Defendants asserted that all of the information contained in their news reports was true and accurate, and plaintiff did not contend that the news reports were broadcast with knowledge that they were false or with reckless regard for the truth.
Plaintiff characterizes himself as a private individual who has no decision or policy-making responsibilities and no duty to decide what is lawful and what is against the law and as one not in the public spotlight. Rather, he represents himself as one of 200 patrolmen whose duties include vehicular control of the city streets, responding to dispatcher calls to cover emergencies, and protecting the local citizenry. He also maintains that the killing of Garcia is not a matter of public interest.
The district court concluded that plaintiff is a public official within the meaning of New York Times Co. v. Sullivan[3] and within the meaning of Gertz v. Robert Welch, Inc.[4]New York Times established a qualified privilege for media defendants in defamation actions brought by public officials and required that a public official seeking to recover for libel with respect to his or her official conduct must prove that the statements were made with "actual malice."[5]
Gertz established further general criteria for determining what constitutes a "public figure." Public figures are viewed as being in either of two basic categories: (1) those persons who have attained special prominence in the affairs of society and thus assume a "public figure" role involuntarily; and (2) those persons who have thrust themselves to the forefront of public controversies in order to affect the outcome of those controversies.[6]
In order for the qualified privilege to be invoked, it is not necessary that one be a public figure for all purposes and at all times. The law recognizes public figures for limited purposes who are sometimes referred to as "vortex public figures" because although they are not pervasive public figures, such as actors and other prominent persons, they have voluntarily or involuntarily been injected into a specific controversy of public interest.[7]
Since New York Times was decided, numerous courts, both state and federal, have addressed the issue of whether police officers are public officials, and a goodly number *1085 have concluded as a matter of law that they are.[8]

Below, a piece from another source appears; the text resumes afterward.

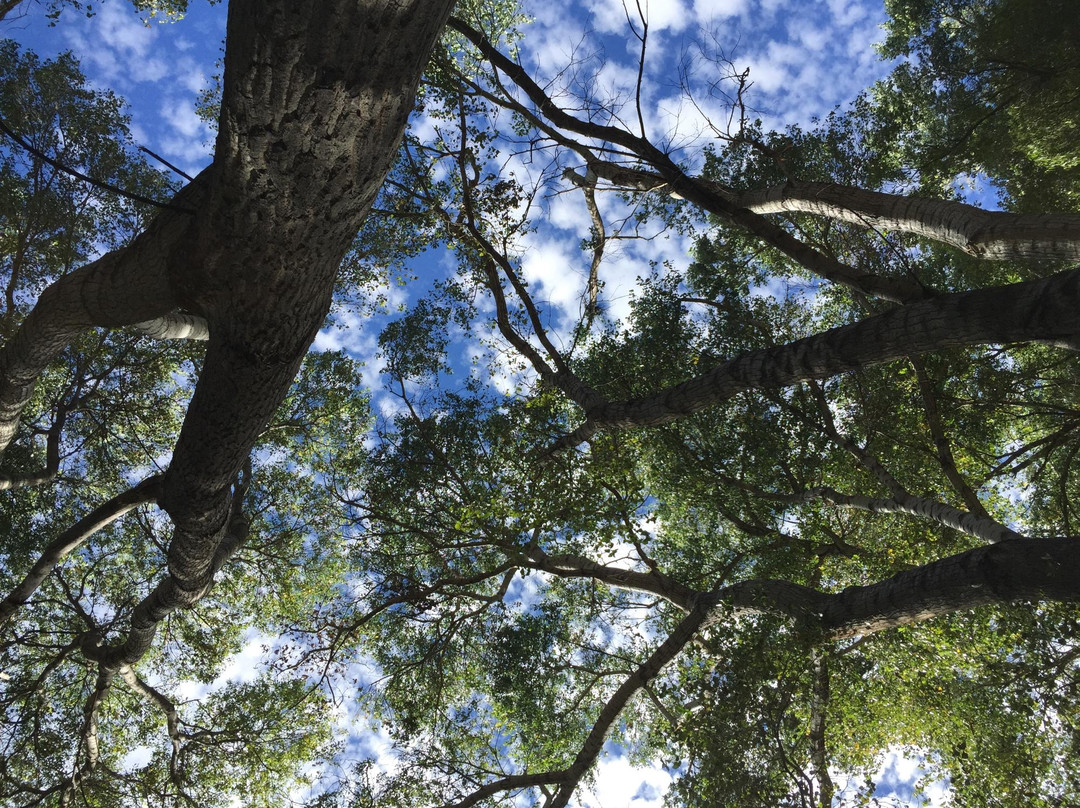 Aravaipa Canyon Wilderness - West Trailhead-Winkelman必去景点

In Van Dyke v. KUTV,[9] this Court applied the standard espoused in New York Times and in Rosenblatt for determining one's status as a public official and concluded (1) that the person must occupy a position which invites public scrutiny, and (2) that the alleged defamation must relate to the conduct of the person while in that capacity.

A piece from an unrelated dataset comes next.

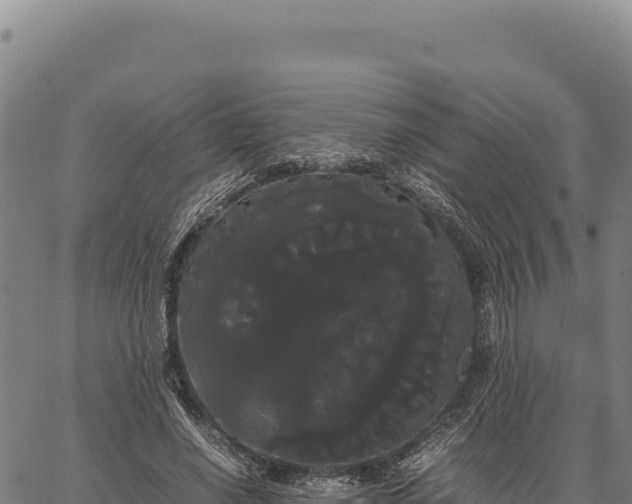 X0000066500638200603311705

In light of the particular facts of this case, we need not, and therefore do not, reach the issue of whether a police officer is ipso facto a public official. Here, plaintiff was or became a public official by virtue of the facts and circumstances which gave rise to the killing of Garcia. Contrary to plaintiff's contention, it is not to be said that his role in the killing of Garcia was that of a private individual, that he exercised no decision-making responsibility, or that he had no duty to decide what was lawful or against the law. The fact that plaintiff, acting in his capacity as a law enforcement officer, shot and killed a person he was attempting to apprehend propelled him into a category far-removed from that of an ordinary patrolman. One who takes a life under any circumstances cannot be expected to escape public scrutiny. A fortiori, a police officer who takes a life in the process of apprehending a suspect certainly cannot be expected to escape public scrutiny.
It is also undisputed that the alleged defamation only related to plaintiff's official conduct. All of the news reports focused only upon the propriety of plaintiff's official police conduct and his record as a law enforcement officer.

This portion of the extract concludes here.